The second section, called part 1, was solicited as a one-page contribution to a "virtual seminar" on the "bioapparatus" sponsored and published by the Arts Studio at The Banff Centre in Alberta, Canada, in the fall of 1991. Meant as a dialogue with, as much as a critique of, virtual reality, this theoretical narrative argues that "what's missing [from current virtual reality] is the interstitial link, the constant mutability and transport that the word, now electrified... is not used-to (for despite its hegemony it is not conscious as yet; rather, it is we who are used to this in it) but used-for."
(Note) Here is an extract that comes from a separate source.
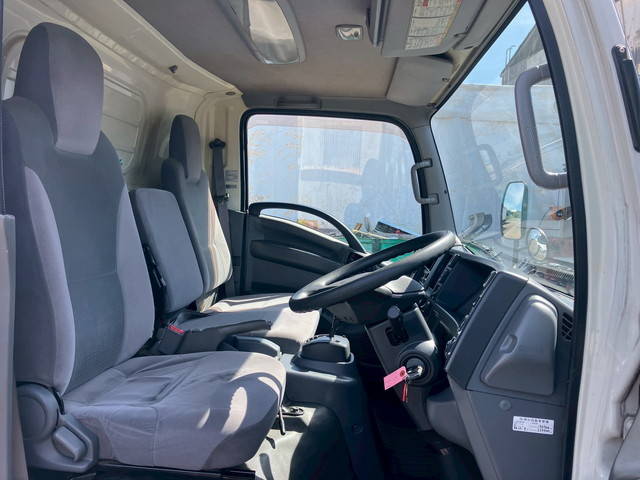 いすゞエルフアルミウイング小型（2t・3t）[写真33]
The last essay of this collection, "A Feel for Prose: Interstitial Links and the Contours of Hypertext," is my most fully developed theoretical narrative thus far. Though perhaps as many texts have migrated to (and from) this essay as any, the italics here do not indicate borrowings but, rather, the interstitial murmurs of texture and contour. Fashioned more likely in homage than in the manner or intelligence of Julia Kristeva's "Toccata and Fugue for the Foreigner," its first contours are an extended meditation upon the qualities of print and electronic text ("Print stays itself; electronic text replaces itself"), interspersed with narrative-critical interstitials in which critical voices murmur and converse. The latter contours explore the shape of a new theoretical paradigm for hypertext as "a fully coextensive, truly constructive electronic text [that] will present the reader opportunities for capturing the figure of connection at its interstices".
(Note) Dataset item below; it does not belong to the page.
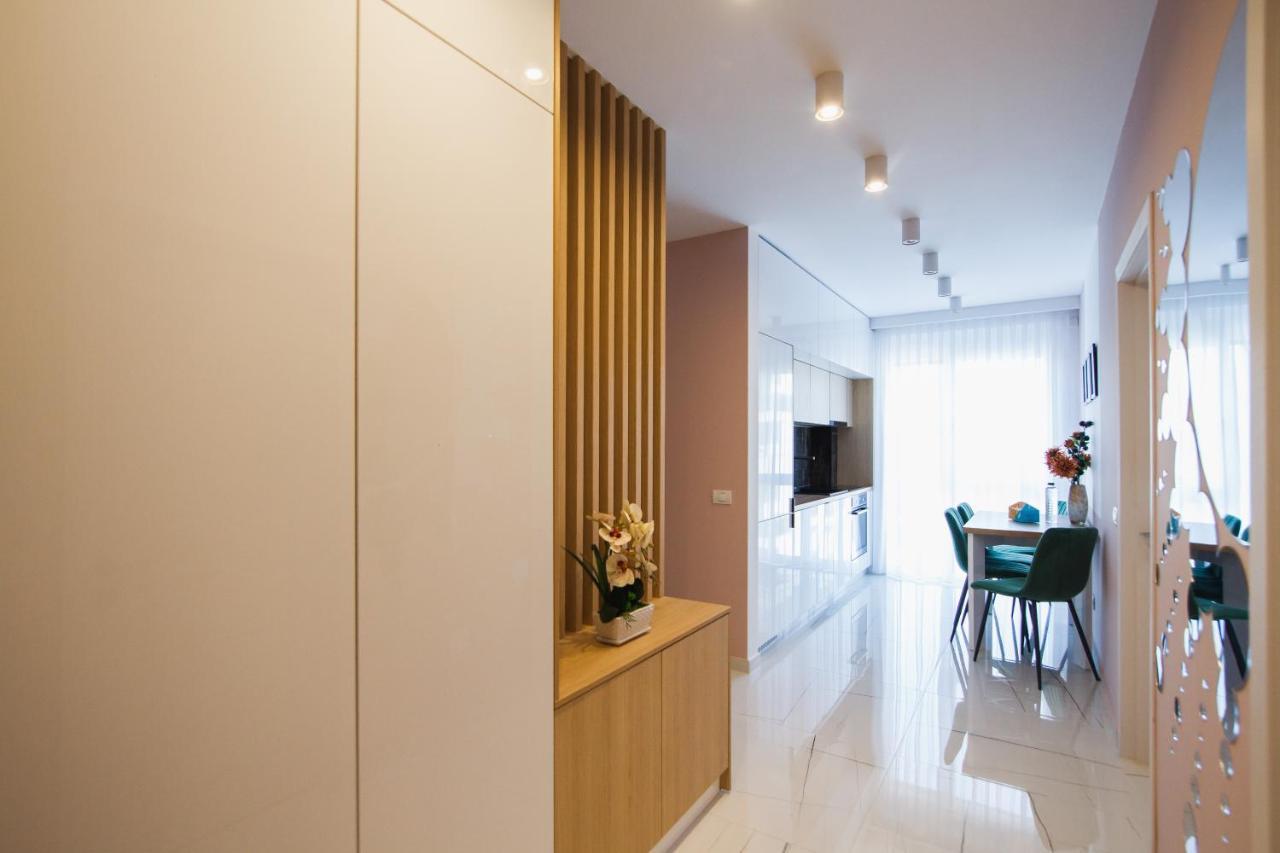 Romantic Getaway At West Residence Oradea Bagian luar foto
The evolving contour must be manifest for the reader so she can recognize, resist, appropriate, possess, replace, and deploy the existing contour not just in its logic and nuance but in its plasticity. She should be able to mold and extend the existing structure at each point of replacement and to transform it to her own uses.

In this much, at least, I have been consistent in both minds (though whether consistency is a virtue in the late age of print will be seen in its fool's patterns). In 1986 my first pass statement on multiple hyperfictions in "Selfish Interactions" asked its readers to "suppose a text can anticipate unpredictable variations upon it"; likewise, the 1988 article "Siren Shapes," the first of my pedagogical theoretical narratives suggested that "transformation of knowledge... is the litmus test we should use in judging both exploratory and constructive hypertexts."

In the end, of course, it isn't for me to say whether two minds stuck for some years on a simple idea flap like the fabric of kites caught on a single pole or whether the licking undulation of their fabric in air speaks in the billow of being made up as a bed is. What I can insist is that these patterns of apparent consistency are what Carolyn Guyer calls "objects of our lives... inventions that operate somewhat like navigational devices, placemarkers if you will."

"We go on," she tells us, "like waves unsure of the shore, sometimes leaping backwards into the oncoming, but always moving in space-time, always finding someplace between the poles that we invent, shifting, transforming, making ourselves as we go." This is the language of sisters, of the betweenus at the end of time, of hypertext pedagogy and as poetics in the process of re(de)fining each, of minds that dare to hope to penetrate the dark edge of existence comforted by knowing we are not lost to one another.